Despite all of the revolutionary slogans that remain (and can still be seen on university walls today), it is hard to overlook the fact that there is hardly anyone who still seriously believes in revolutionary interpretations of current situations. The revolution has been put on ice, and the revolutionaries are taking a breather. This “breather” served above all to push the revolution off the public stage. It is taking place once again – here in this country with typical German thoroughness – in auditoriums, in lecture halls, and at meetings of SPD leftists. The unusual sobriety actually points more to exhaustion than to a deceptive calm before a new storm. The revolutionaries are tired, sad, disillusioned. In the end, it is more draining to be against everything than to totally subordinate yourself to one idea, one mission, or one commitment, to dedicate yourself fully to one thing.

What the antiauthoritarian “New Left” never really managed to find, however, was precisely this sense of security and identification that springs from dedication to a cause. They never found a clear-cut theme, their own distinct purpose. For a while, they seemed to have found it in a concern for the Third World, in dealing with war, need, hunger, and suffering on the margins of the affluent world. Identification with the revolutionaries of the Third World promised guidance and a boost to one’s own revolutionary efforts. By feigning participation in a worldwide, unified front of the oppressed, they gained courage and at the same time found a purpose and a direction for their own rebellious desires again. And they saw themselves as an important factor in the global struggle.

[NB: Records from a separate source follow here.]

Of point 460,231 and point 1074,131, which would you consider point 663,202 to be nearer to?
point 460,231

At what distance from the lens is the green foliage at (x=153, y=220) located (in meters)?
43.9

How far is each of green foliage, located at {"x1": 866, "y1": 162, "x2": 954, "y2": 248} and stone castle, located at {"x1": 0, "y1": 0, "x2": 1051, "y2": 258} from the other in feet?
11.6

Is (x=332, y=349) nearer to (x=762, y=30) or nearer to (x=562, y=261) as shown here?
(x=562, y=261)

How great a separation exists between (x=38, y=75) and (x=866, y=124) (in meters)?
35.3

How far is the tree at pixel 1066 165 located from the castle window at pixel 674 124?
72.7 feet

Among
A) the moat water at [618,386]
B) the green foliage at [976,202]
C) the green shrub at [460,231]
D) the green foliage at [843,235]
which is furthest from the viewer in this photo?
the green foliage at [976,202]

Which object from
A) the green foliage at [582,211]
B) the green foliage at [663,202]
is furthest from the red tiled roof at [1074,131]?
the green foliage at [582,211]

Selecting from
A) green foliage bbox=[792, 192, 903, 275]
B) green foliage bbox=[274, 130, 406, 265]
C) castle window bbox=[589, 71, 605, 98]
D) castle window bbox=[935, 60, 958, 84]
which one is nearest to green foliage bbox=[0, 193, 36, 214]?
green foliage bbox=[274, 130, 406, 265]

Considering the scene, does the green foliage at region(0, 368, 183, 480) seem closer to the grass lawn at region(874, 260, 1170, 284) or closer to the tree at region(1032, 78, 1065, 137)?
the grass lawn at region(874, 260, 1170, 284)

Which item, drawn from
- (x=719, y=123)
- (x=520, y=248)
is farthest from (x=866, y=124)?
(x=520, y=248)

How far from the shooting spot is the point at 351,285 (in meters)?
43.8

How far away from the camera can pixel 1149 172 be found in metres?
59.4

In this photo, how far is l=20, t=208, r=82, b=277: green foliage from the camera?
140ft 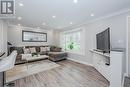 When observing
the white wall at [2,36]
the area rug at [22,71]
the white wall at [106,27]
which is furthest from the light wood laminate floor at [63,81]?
the white wall at [2,36]

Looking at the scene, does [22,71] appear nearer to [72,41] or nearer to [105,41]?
[105,41]

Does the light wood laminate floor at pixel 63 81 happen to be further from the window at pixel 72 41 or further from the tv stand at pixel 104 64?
the window at pixel 72 41

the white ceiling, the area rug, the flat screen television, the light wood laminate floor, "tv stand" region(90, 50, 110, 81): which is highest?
the white ceiling

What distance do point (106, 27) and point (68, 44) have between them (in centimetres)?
328

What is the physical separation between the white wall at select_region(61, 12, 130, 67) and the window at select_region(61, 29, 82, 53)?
51cm

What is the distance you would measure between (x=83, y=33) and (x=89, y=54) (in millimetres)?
1342

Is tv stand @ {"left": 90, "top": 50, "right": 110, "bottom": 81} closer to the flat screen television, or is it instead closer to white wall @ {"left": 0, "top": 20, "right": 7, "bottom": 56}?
the flat screen television

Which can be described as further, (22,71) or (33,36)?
(33,36)

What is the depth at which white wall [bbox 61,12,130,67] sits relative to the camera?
10.3 feet

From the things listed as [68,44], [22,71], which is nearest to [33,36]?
[68,44]

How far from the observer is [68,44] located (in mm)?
6488

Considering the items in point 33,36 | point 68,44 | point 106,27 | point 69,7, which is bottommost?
point 68,44

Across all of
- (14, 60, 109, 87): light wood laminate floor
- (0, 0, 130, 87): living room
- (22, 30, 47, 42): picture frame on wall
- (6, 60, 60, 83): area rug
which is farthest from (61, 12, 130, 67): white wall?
(22, 30, 47, 42): picture frame on wall

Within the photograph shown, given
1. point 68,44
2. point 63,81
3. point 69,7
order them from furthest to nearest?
point 68,44 → point 69,7 → point 63,81
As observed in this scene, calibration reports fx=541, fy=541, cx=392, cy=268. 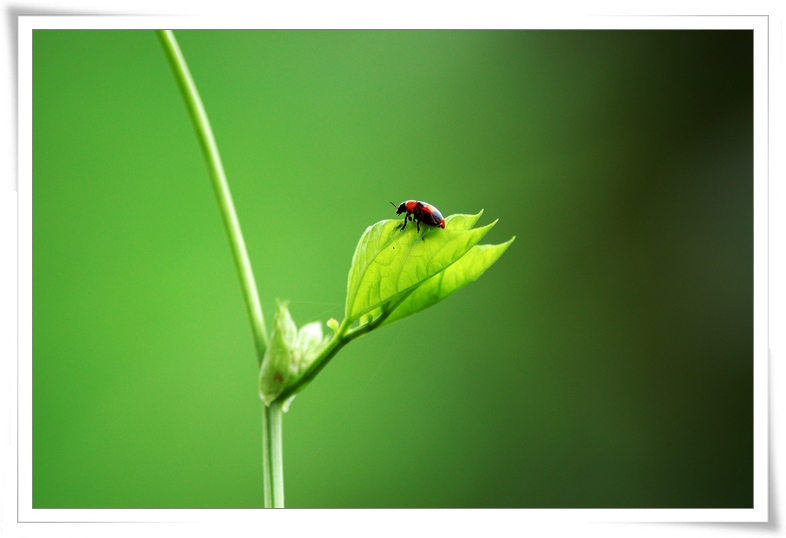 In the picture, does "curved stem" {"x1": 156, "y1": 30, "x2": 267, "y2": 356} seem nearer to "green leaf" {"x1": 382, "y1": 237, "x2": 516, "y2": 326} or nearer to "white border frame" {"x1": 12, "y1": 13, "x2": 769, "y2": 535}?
"green leaf" {"x1": 382, "y1": 237, "x2": 516, "y2": 326}

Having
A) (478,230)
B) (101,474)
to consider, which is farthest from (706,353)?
(101,474)

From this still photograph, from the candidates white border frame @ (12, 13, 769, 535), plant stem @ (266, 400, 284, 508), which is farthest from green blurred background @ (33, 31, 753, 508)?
plant stem @ (266, 400, 284, 508)

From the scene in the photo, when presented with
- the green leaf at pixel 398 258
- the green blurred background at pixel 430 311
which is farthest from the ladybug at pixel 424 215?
the green blurred background at pixel 430 311

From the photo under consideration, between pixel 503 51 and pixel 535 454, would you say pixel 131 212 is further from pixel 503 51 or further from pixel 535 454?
pixel 535 454

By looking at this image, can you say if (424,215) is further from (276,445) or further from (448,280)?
(276,445)

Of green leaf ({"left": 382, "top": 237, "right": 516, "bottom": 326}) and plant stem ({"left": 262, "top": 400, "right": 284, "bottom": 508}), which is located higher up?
green leaf ({"left": 382, "top": 237, "right": 516, "bottom": 326})

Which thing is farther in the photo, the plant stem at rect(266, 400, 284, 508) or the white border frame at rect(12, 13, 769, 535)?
the white border frame at rect(12, 13, 769, 535) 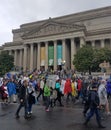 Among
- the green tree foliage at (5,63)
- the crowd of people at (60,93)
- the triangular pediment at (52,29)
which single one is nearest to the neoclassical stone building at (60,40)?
the triangular pediment at (52,29)

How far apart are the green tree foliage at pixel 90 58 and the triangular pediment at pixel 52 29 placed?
12274 mm

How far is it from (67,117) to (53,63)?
51.0 metres

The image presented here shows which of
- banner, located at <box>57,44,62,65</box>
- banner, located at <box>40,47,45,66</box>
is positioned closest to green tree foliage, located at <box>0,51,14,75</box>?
banner, located at <box>40,47,45,66</box>

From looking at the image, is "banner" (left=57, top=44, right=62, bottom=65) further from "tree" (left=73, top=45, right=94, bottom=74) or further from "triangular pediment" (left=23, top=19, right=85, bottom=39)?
"tree" (left=73, top=45, right=94, bottom=74)

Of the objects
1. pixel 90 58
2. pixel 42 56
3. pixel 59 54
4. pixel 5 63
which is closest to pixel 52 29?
pixel 59 54

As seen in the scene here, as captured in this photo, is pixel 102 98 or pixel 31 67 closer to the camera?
pixel 102 98


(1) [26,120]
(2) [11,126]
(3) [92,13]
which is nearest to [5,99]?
(1) [26,120]

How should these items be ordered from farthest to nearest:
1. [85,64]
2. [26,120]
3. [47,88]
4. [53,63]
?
1. [53,63]
2. [85,64]
3. [47,88]
4. [26,120]

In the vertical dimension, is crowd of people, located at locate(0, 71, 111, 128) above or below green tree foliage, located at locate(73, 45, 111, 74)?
below

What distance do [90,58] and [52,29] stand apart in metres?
19.2

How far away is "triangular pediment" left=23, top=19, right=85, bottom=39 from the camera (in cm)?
6172

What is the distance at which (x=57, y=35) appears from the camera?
63781mm

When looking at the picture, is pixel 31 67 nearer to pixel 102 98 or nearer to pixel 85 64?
pixel 85 64

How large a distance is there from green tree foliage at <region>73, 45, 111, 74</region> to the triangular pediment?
1227 centimetres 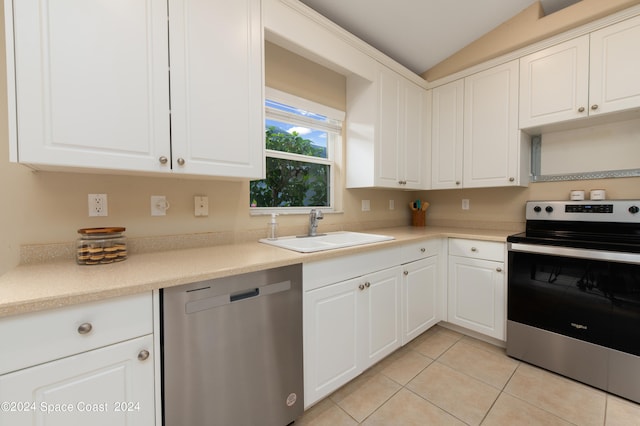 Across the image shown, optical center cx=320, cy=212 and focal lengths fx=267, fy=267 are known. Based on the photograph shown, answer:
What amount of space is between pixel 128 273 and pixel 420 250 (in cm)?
191

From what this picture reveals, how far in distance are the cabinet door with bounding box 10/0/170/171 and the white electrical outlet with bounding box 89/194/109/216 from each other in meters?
0.32

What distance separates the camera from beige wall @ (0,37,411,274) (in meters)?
1.15

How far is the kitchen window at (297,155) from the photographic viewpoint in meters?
1.99

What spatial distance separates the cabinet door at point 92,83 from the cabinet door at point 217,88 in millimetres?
62

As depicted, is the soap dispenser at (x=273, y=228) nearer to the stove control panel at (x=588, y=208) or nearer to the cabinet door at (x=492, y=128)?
the cabinet door at (x=492, y=128)

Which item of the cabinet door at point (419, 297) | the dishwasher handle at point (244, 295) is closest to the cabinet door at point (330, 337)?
the dishwasher handle at point (244, 295)

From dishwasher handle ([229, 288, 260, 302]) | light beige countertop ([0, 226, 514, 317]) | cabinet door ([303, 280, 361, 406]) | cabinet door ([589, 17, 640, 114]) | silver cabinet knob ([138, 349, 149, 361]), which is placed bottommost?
cabinet door ([303, 280, 361, 406])

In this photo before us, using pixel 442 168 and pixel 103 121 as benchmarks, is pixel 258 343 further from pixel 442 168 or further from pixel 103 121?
pixel 442 168

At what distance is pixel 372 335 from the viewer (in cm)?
176

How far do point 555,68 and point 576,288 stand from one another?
1.65m

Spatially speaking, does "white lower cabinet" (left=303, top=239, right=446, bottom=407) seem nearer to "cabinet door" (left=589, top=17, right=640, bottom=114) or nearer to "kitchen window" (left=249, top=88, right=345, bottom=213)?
"kitchen window" (left=249, top=88, right=345, bottom=213)

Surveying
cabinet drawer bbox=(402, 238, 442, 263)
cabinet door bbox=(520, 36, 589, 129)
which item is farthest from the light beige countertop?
cabinet door bbox=(520, 36, 589, 129)

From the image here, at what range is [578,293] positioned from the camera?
5.66 feet

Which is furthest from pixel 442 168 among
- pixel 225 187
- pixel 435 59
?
pixel 225 187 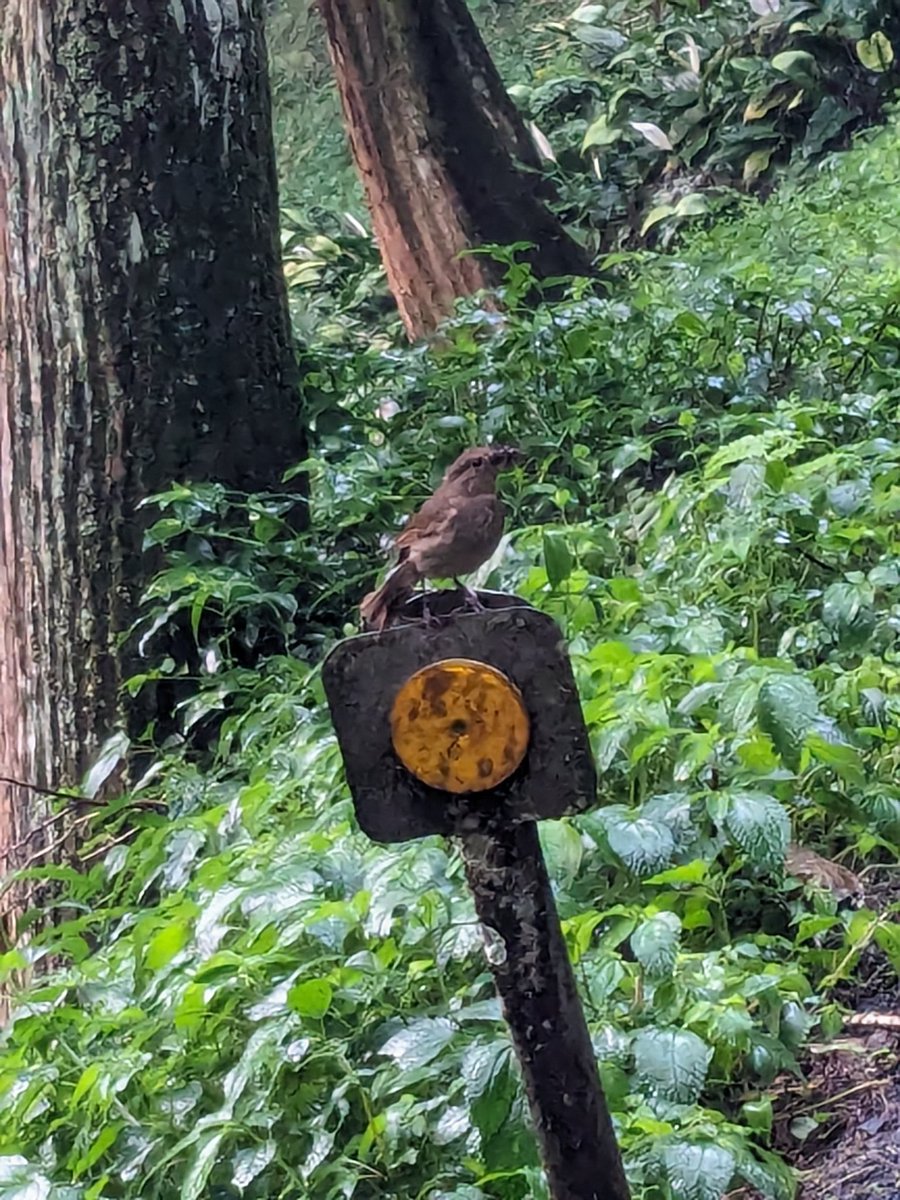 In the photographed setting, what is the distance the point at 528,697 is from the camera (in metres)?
1.55

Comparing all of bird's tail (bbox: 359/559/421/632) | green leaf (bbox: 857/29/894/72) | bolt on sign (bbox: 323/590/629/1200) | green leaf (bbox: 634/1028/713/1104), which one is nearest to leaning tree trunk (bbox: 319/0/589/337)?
green leaf (bbox: 857/29/894/72)

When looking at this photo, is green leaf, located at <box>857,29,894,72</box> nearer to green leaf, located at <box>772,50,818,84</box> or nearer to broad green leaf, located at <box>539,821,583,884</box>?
green leaf, located at <box>772,50,818,84</box>

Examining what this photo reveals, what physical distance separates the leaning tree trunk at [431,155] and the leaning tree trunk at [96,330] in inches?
97.2

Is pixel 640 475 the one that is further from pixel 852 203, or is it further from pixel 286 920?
pixel 852 203

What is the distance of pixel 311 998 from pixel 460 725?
81cm

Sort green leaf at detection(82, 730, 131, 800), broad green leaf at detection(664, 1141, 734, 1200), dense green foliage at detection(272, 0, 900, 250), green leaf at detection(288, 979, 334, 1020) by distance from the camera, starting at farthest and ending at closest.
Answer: dense green foliage at detection(272, 0, 900, 250), green leaf at detection(82, 730, 131, 800), green leaf at detection(288, 979, 334, 1020), broad green leaf at detection(664, 1141, 734, 1200)

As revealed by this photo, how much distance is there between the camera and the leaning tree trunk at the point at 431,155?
260 inches

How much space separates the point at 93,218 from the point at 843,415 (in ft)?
6.74

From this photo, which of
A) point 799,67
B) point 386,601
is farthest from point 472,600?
point 799,67

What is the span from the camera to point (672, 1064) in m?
2.01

It was precisely the more far-sighted and critical theorists of the “New Left” who saw how much secret safeguarding of interests, how much “private” interest accompanied this orientation, how unsustainable this strategy would thus be in the long run. Failure in the real world of politics and the accompanying frustration, the relapse into discouragement and desperation were not hard to prognosticate. On top of that, the political developments in Cuba, China, and Vietnam also made their own contribution. What had begun so full of hope, what had suddenly made the world seem so “young” again: the rediscovery of humanity, the feeling of being connected globally, the return to individuality, spontaneity, and the power of the human will to move mountains – all of this went off like fireworks. The antiauthoritarian exuberance has dissipated. People are finding a new point of orientation somewhere between subculture and party Communism.